▶ Task prompt: In the entries that follow, the line with "Rochie midi Sandro albastru" opens the range and the line with "Cancun Beach Mexico" closes it; repeat that range exactly, both lines included.

▶ Material supplied:

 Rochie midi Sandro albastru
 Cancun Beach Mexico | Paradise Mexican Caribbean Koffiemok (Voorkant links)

--

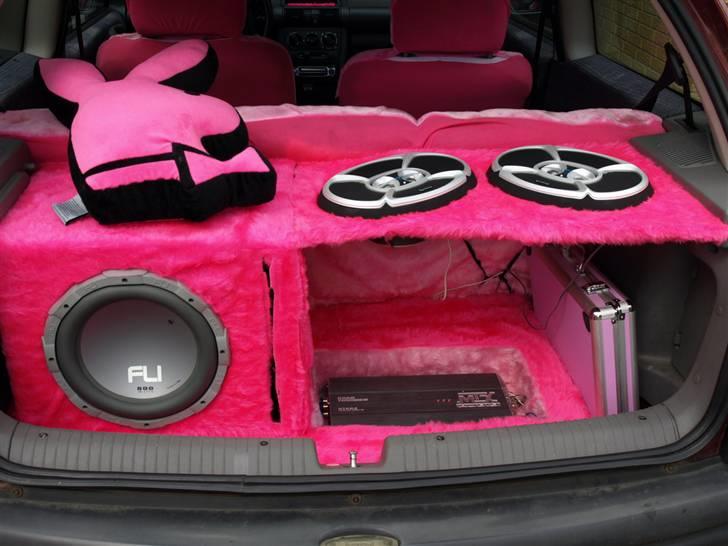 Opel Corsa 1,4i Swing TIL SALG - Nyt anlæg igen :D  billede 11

▶ Solution for this task:
 Rochie midi Sandro albastru
 Cancun Beach Mexico | Paradise Mexican Caribbean Koffiemok (Voorkant links)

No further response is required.